French classical music began with the sacred music of the Roman Catholic Church, with written records predating the reign of Charlemagne. It includes all of the major genres of sacred and secular, instrumental and vocal music. French classical styles often have an identifiably national character, ranging from the clarity and precision of the music of the late Renaissance music to the sensitive and emotional Impressionistic styles of the early 20th century. Important French composers include Pérotin, Machaut, Du Fay, Ockeghem, Josquin, Lully, Charpentier, Couperin, Rameau, Leclair, Grétry, Méhul, Auber, Berlioz, Alkan, Gounod, Offenbach, Franck, Lalo, Saint-Saëns, Delibes, Bizet, Chabrier, Massenet, Widor, Fauré, d'Indy, Chausson, Debussy, Dukas, Vierne, Duruflé, Satie, Roussel, Hahn, Ravel, Honegger, Milhaud, Poulenc, Auric, Messiaen, Françaix, Dupré, Dutilleux, Xenakis, Boulez, Guillou, Grisey, and Murail.

==Definition==

Classical music usually refers to music produced in, or rooted in the traditions of Western liturgical and secular music, encompassing a broad period from roughly the 9th century to present times. The central norms of this tradition became codified between approximately 1600 and 1900, which is known as the common practice period.
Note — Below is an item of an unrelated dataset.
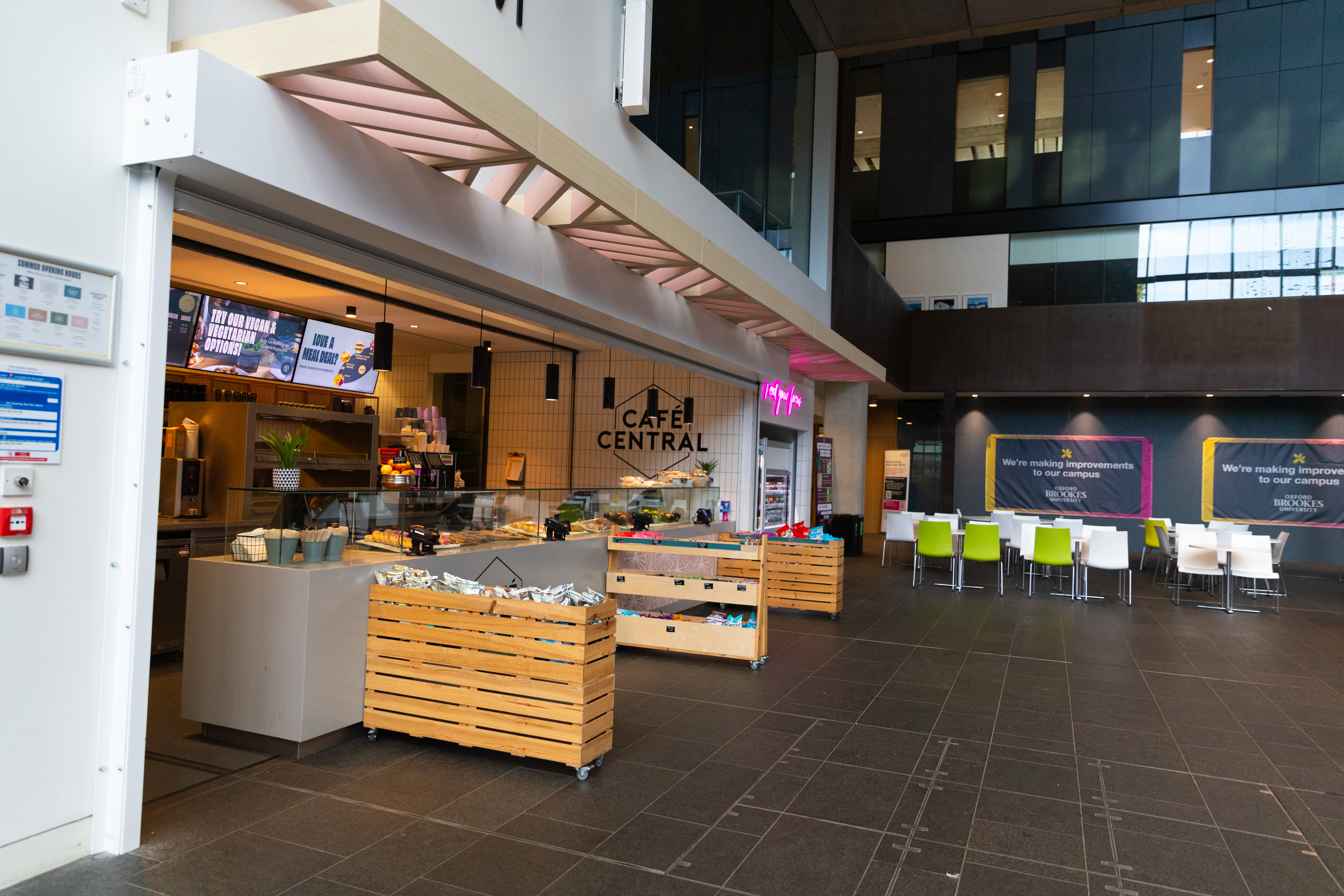 School cafeteria Oxford Brookes Campus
Classical music, including that from France is largely distinguished from many other non-European and popular musical forms by its system of staff notation, in use since about the 16th century. Western staff notation is used by composers to prescribe to the performer the pitch, speed, meter, individual rhythms and exact execution of a piece of music. This leaves less room for practices, such as improvisation and ad libitum ornamentation, that are frequently heard in non-European art music (compare Indian classical music and Japanese traditional music), and popular music.

==History==
During the early Christian era of the Middle Ages, sacred monophonic (only one voice) chant was the dominant form of music, followed by a sacred polyphonic (multi-voices) organum. By the thirteenth century, another polyphonic style called the motet became popular. During the Ars Nova era of the thirteenth and fourteenth centuries, the trend towards writing polyphonic music extended to non-Church music. In the fifteenth century, more secular music emerged, such as the French chanson.
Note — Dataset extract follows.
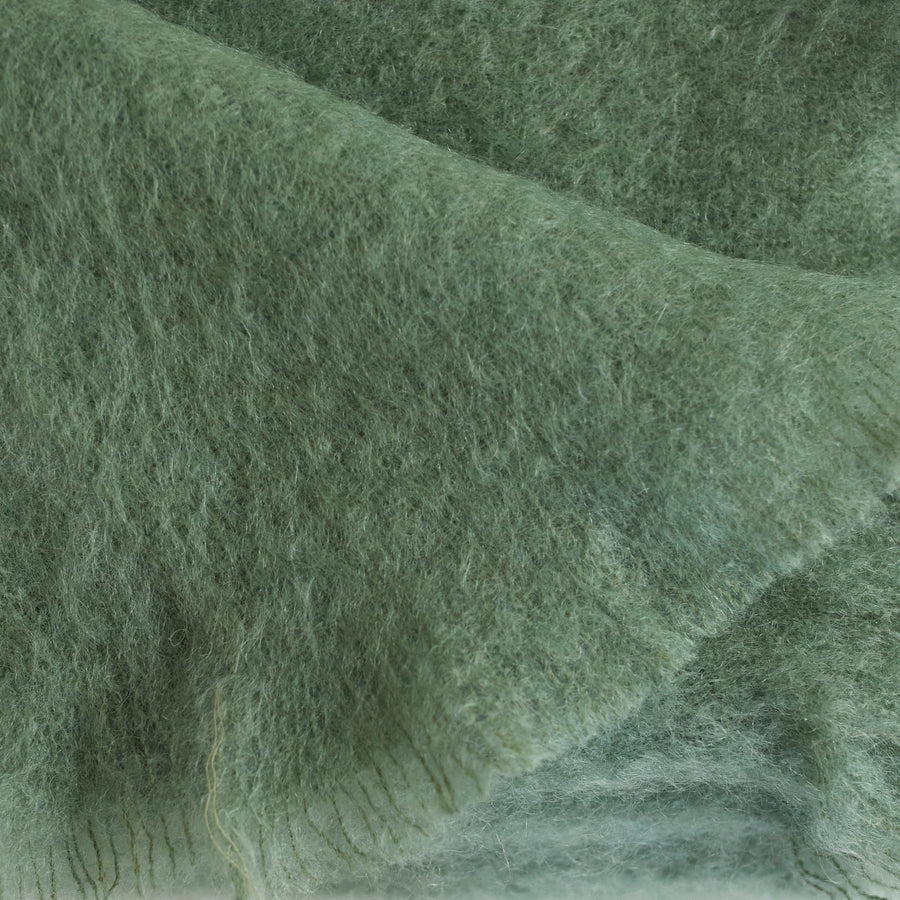 Brushed Mohair Throw - 51’ x 72’ / Olive Lands Down Under $425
In the late sixteenth-century, composers attempted to recreate Greek drama using a style called monody. In the seventeenth century, Italian opera styles such as opera seria, opera buffa were very important. This Italian opera was taken up in France, where Lully developed a French national opera style. In the seventeenth century, instrumental music developed a great deal, and vocal music was usually accompanied by a written bassline called the basso continuo. Instrumental works included keyboard suites, which were based on dance suites, sonatas, organ music, and music for small groups (trio sonatas) or orchestra (e.g., sinfonias and concerto grossos). Baroque music from the eighteenth century moved towards a simpler, lighter style of instrumental music. Later in the eighteenth century, the Classical style dominated, with the main forms being sonatas, symphonies, and string quartets.
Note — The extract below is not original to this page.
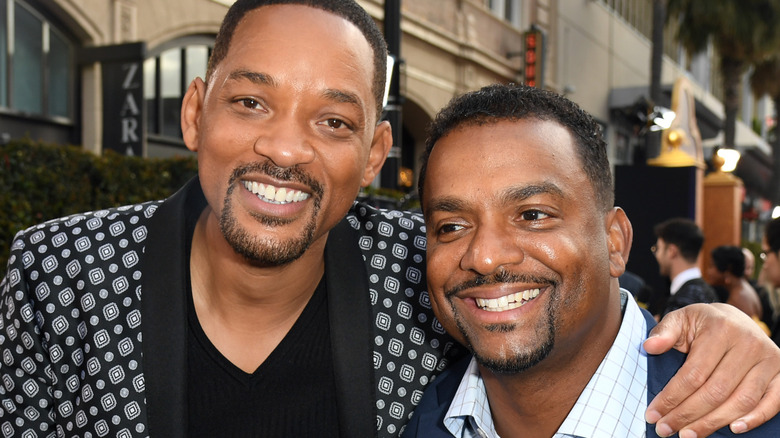 Will Smith and Alfonso Ribeiro pose for photo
The nineteenth century is often called the Romantic era. During this era, the symphony developed, and a new style of music called "program music" (music that tells a story) developed. Other types of music that became important in the nineteenth century were grand opera, small pieces for piano; piano sonatas, often with the exploration of new harmonic or tonal ideas. In the late Romantic era, the Austro-German tradition of Wagner dominated musical composition. Composers began exploring different, looser approaches to tonality (the key-centered-ness of a piece of music). During this era, French composers such as Debussy and Ravel developed a style called Impressionism, which emphasized tone "colours", and which used chords purely for their sound (as opposed to for their harmonic role).

During the twentieth-century, composers took many different paths. Some composers looked backwards to the light, elegant Classical works, with the Neoclassicism of the Russian-French composer Stravinsky. Austro-German composers such as Schoenberg and Berg and used a tortured, dramatic style called Expressionism. The French composer Boulez abandoned the entire tonal (key-centered) tradition of Western music with a style called Serialism. Other composers explored electronic music (Stockhausen); chance-based or random (aleatoric) music and indeterminacy (Cage); and minimalism (Reich, Glass).